# Angelfish keep diing



## joey95758 (Aug 6, 2011)

I have a 55 gal aquarium. It is planted. I have 6 platys, 5 corys, 2 rubber lipped plecos, and 1 angel. I have a Fluval 305, 300w heater, and a small air pump powering two decorations. I cycled my tank with mollies. 

I have purchased about 16 angels and only one has lived. I have had the tank set up for about 6 months. One of the first angels is the one living. I have had angels in the past (kept with mollies) and have had no problems. I have tried with aquarium salt and without. I have bought small and large angels and within 4 days they always start swimming funny then die. I currently have the recommended 1 tbls per 5 gal. and just bought 4 small angels and within 24 hours they all died. Any advice?


----------



## jrman83 (Jul 9, 2010)

Do you do regular water changes? What is your ph? Does it remain stable? If I had bought that many Angels and they all kept dying, I would have stopped buying a long time ago.


----------



## Alasse (Mar 12, 2009)

You do not need salt to have healthy angels. 

Need more details

Tank stats?


----------



## Summer (Oct 3, 2011)

Are you buying them all from the same place?


----------



## Skeeter91 (Dec 28, 2011)

Lol you don't need salt to keep angelfish...angelfish are some hardy fish to die on you even if you have the worse water conditions...the salt is what's killing the poor angels...not all fish can take salt in salt... I've had 3 angelfish..one if them that survived for over 4 years and sold. I never added a tablespoon of salt whatsoever.


----------



## TypeYourTextHere (Apr 20, 2011)

I have 2 angels in my 75 gallon tank and have never added salt to the tank. They are doing great without it. Who told you that salt is a requirement? The only time salt should be used in a FW tank is to soften really hard water, or in some cases illnesses.


----------



## NeonShark666 (Dec 13, 2010)

Angels are very tough and hard to kill. Check your temperature (>78 for Angels), Nitrates (Angels do best with low Nitrates), ph (Angels do best at a ph < 7.0) and hardess (Angels like low hardness). Check the water parameters at your fish shop. If they are very different from your fish tank and you don't introduce your fish to your tank water gradually your fish could be being killed by shock.


----------



## joey95758 (Aug 6, 2011)

Thank you all for your posts. I stopped adding salt. I have been keeping my ph right at 7, checking weekly. My friend has a few large angels and has always used salt with them, so I tried it. I change about 20% of the water weekly and changed about half my filter media the other day, and added a polishing pad. 

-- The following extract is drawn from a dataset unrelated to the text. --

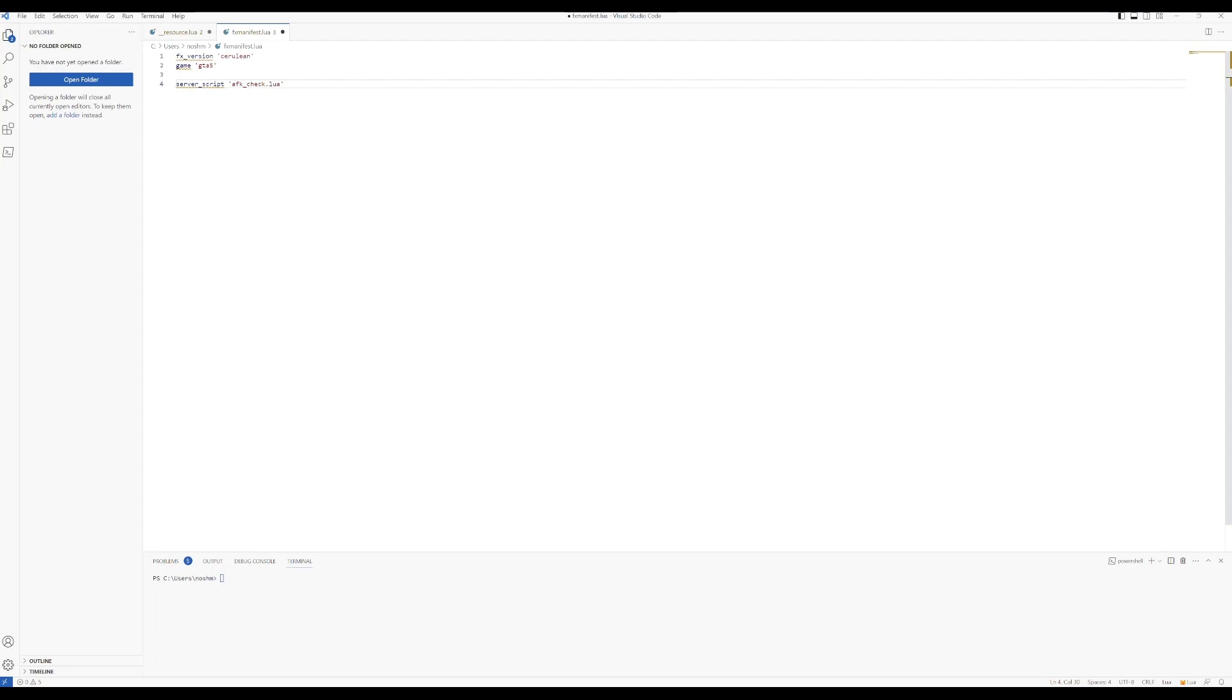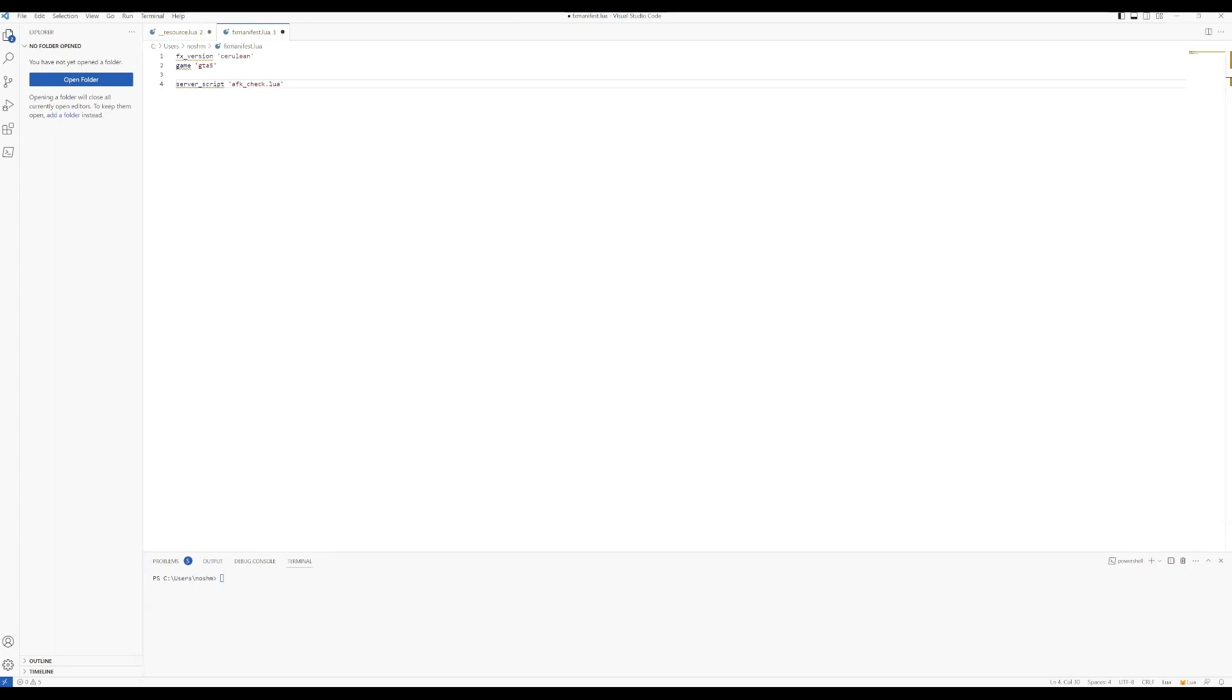Hey, what's up guys, welcome to today's video. Today I'm going to show you how to convert your old __resource.lua file to the more updated fxmanifest.lua file. It's actually a lot simpler than you think, and I'll include what you can copy and paste in the description.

It's strange that I keep having trouble with angels. I had four in this tank up until a couple years ago for 4 years. I never had any trouble. All the other fish in this tank are healthy. My Platys have babies all the time. My amonia level is very low, almost doesn't register a color at all with my test kit. My nitrates are at 0 according to my test kit as well. 

I have been using ferts for my plants. Anyone think that could be killing them?


----------



## beaslbob (May 29, 2009)

is the tank planted?

How are you maintaing pH at 7.0?


FWIW I had 3 anglefish in a planted 15g hex for 4 years. With no additions other than food. So I would suggest you try planted techniques. Could be the new angels are being stressed from mini cycles.

my .02

woopsies just reread your first post and it is planted.

I would try more plants especially fast growers like anacharis.

and suspend all feedings for a week after adding a new fish.

and stop all pH adjustments as well.

my .0004 (.02x.02 LOL)


----------



## debi0221 (Nov 26, 2011)

I have a planted Angelfish tank & never have used salt or fertilizer for the plants & the plants do fine. Try & stop using the fertilizer & see if that helps

55 gal planted
3 small angels, 1 large kissing gourami, 6 corys, 2 turquoise rainbows, 1 millenium rainbow


----------